> [ACTION ITEM] Would you return the listing that follows exactly, leaving its pictures behind?

> [TASK DATA]
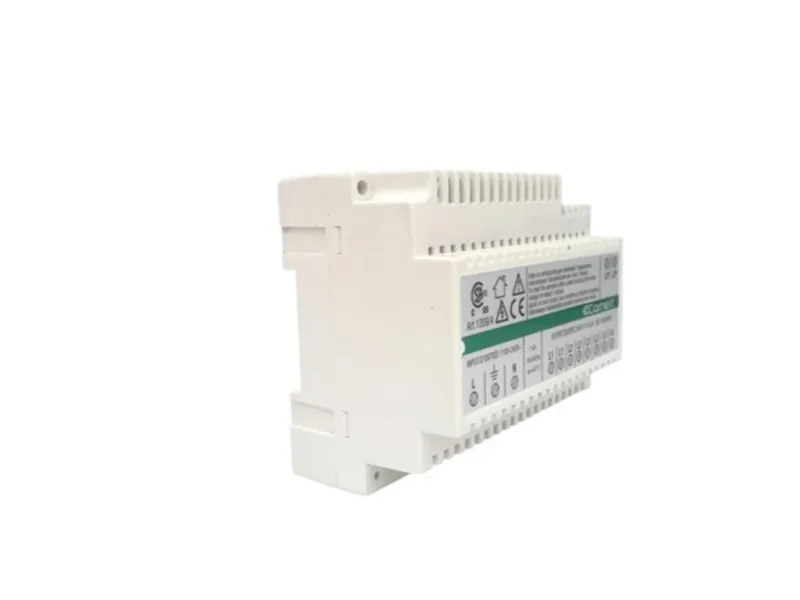 COMELIT 1209/4 電源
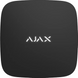 Комплект захисту від протікання Black Хаб Ajax Hub2  + Кран WaterStop + датчик протікання LeaksProtect 000015393+000001146+000029711 фото 3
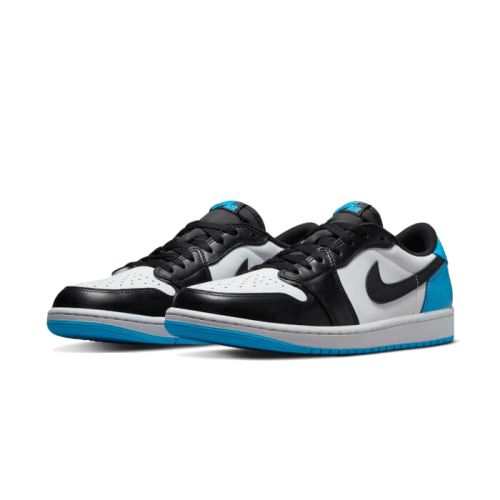 Air Jordan 1 Low OG UNC (2022) Air Jordan 1 Low OG UNC (2022)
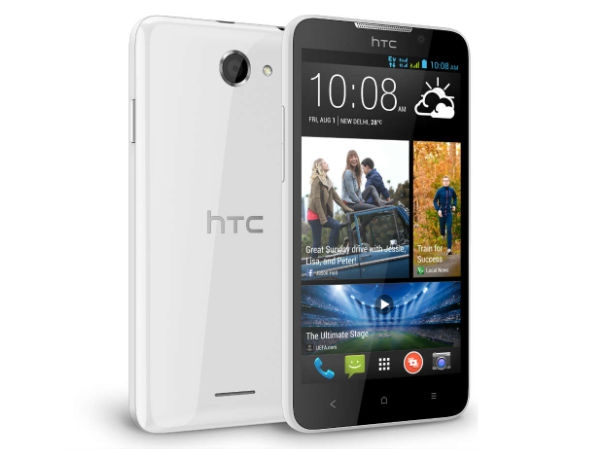 HTC Desire 516C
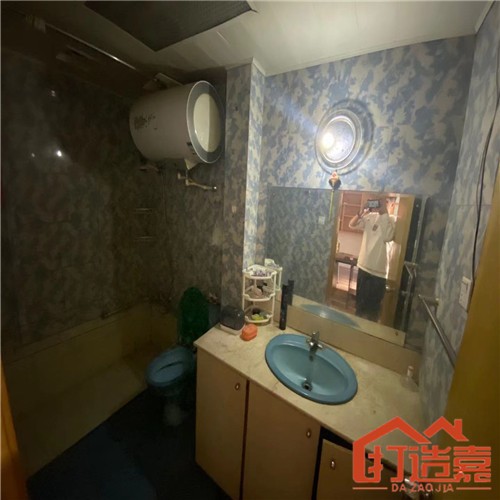 老房翻新图片_老房翻新案例_二手房翻新步骤施工图
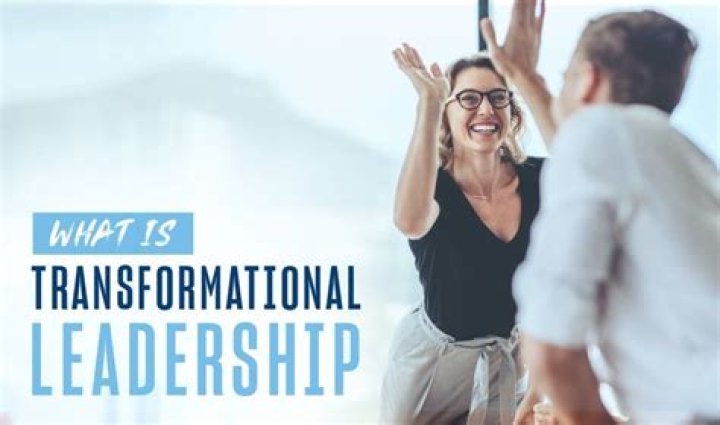 Discoveries And Insights For Transformational Success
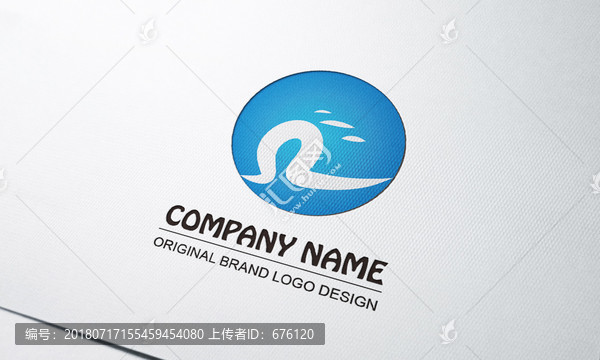 標(biāo)志LOGO設(shè)計(jì)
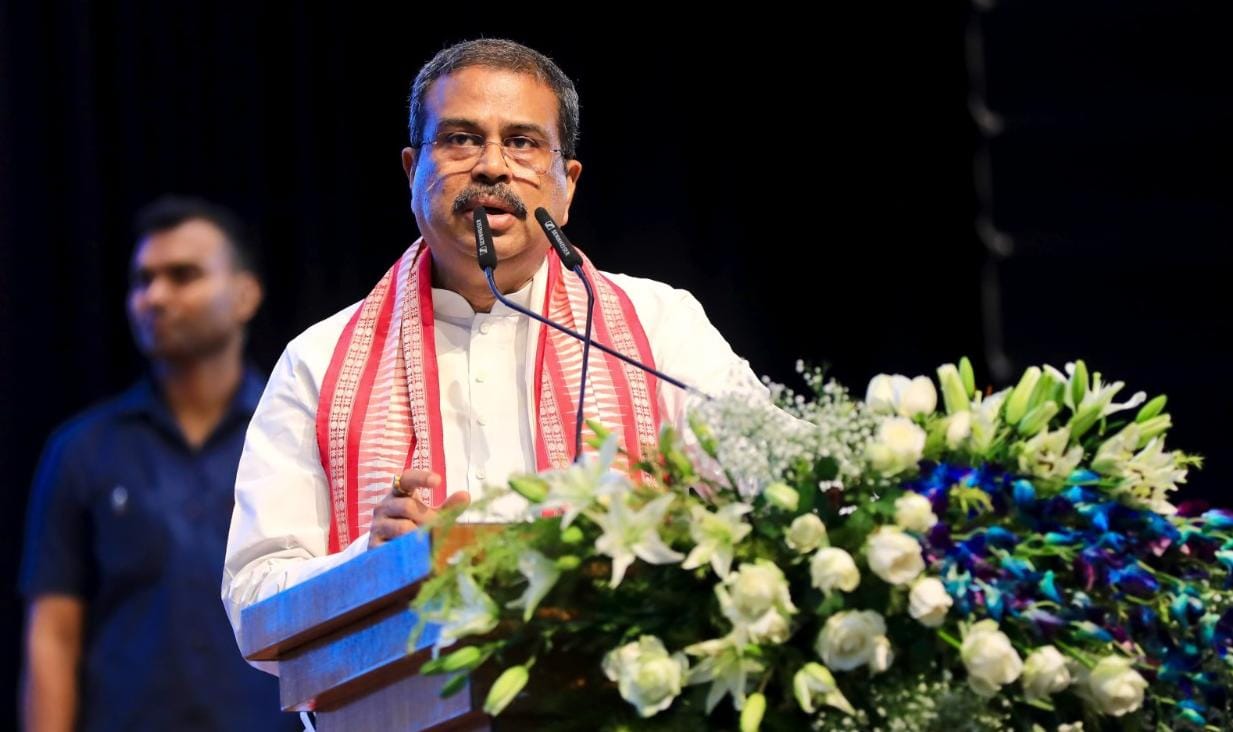 PRADHAN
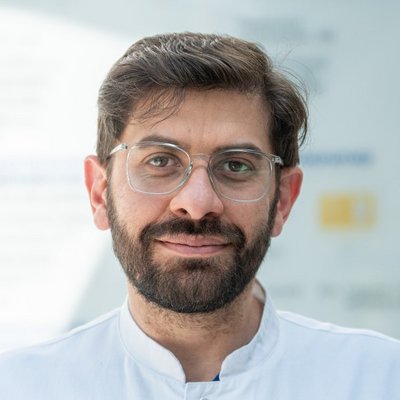 Shaheen Khaled 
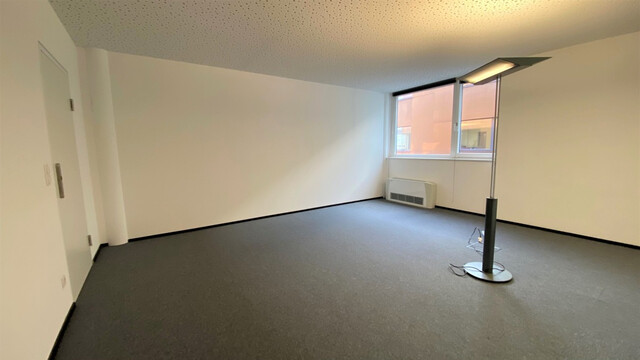 MiniOffice in attraktivem Gewerbehaus in Dornbirn / Schwefel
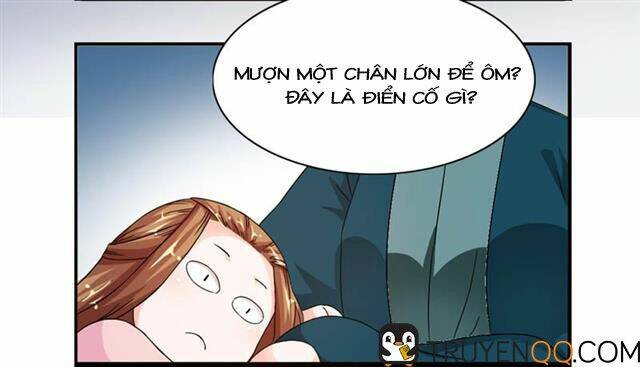 hoàng đế hùng mạnh nhất trong lịch sử chapter 10 21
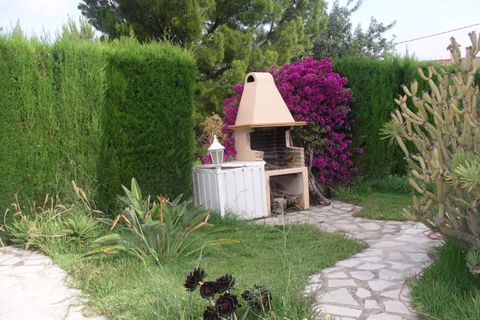 Villa i Denia, Alicante, Denia - € 550.000 | Ref: DE458 - foto 30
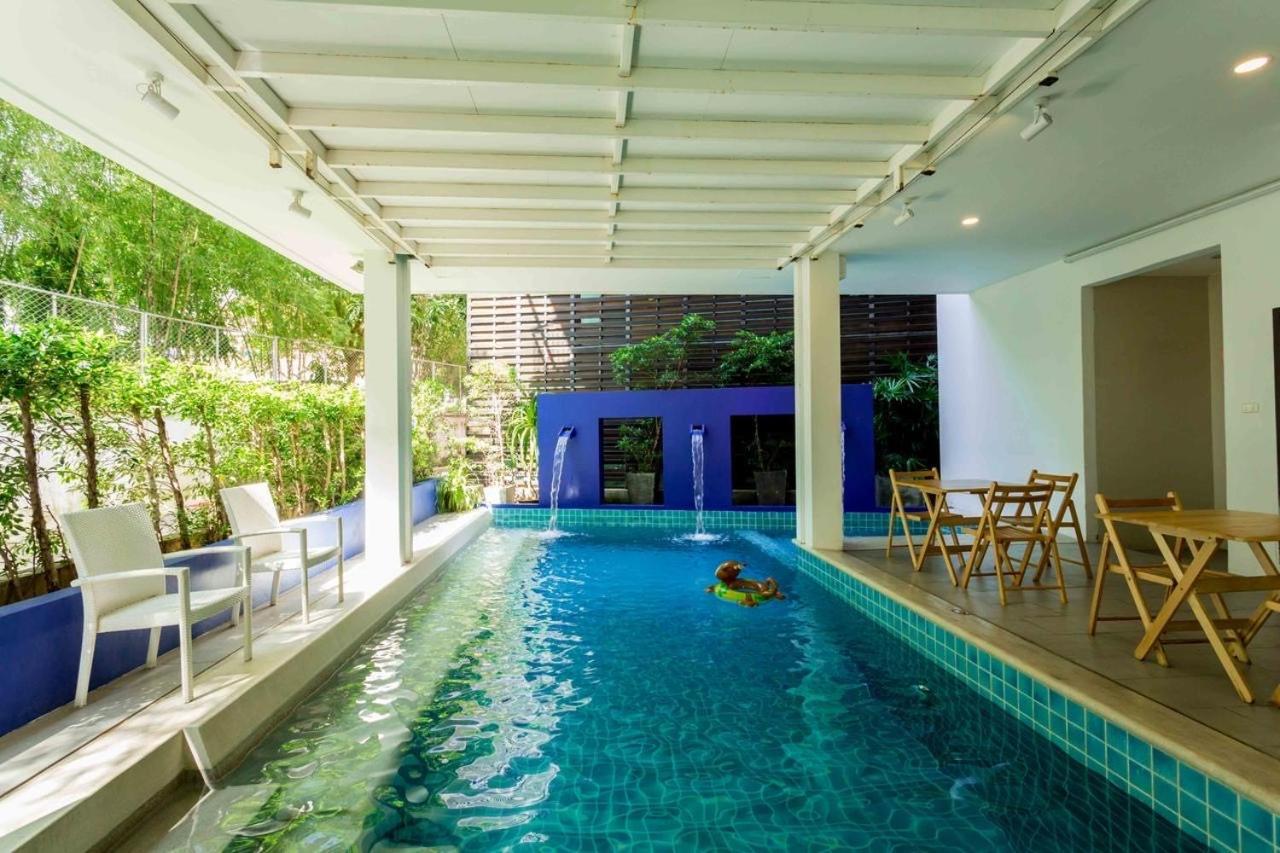 Coco Boutique Hotel Patong المظهر الخارجي الصورة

> [EXERCISE RESULT]
 COMELIT 1209/4 電源
 Комплект захисту від протікання Black Хаб Ajax Hub2  + Кран WaterStop + датчик протікання LeaksProtect 000015393+000001146+000029711 фото 3
 Air Jordan 1 Low OG UNC (2022) Air Jordan 1 Low OG UNC (2022)
 HTC Desire 516C
 老房翻新图片_老房翻新案例_二手房翻新步骤施工图
 Discoveries And Insights For Transformational Success
 標(biāo)志LOGO設(shè)計(jì)
 PRADHAN
 Shaheen Khaled 
 MiniOffice in attraktivem Gewerbehaus in Dornbirn / Schwefel
 hoàng đế hùng mạnh nhất trong lịch sử chapter 10 21
 Villa i Denia, Alicante, Denia - € 550.000 | Ref: DE458 - foto 30
 Coco Boutique Hotel Patong المظهر الخارجي الصورة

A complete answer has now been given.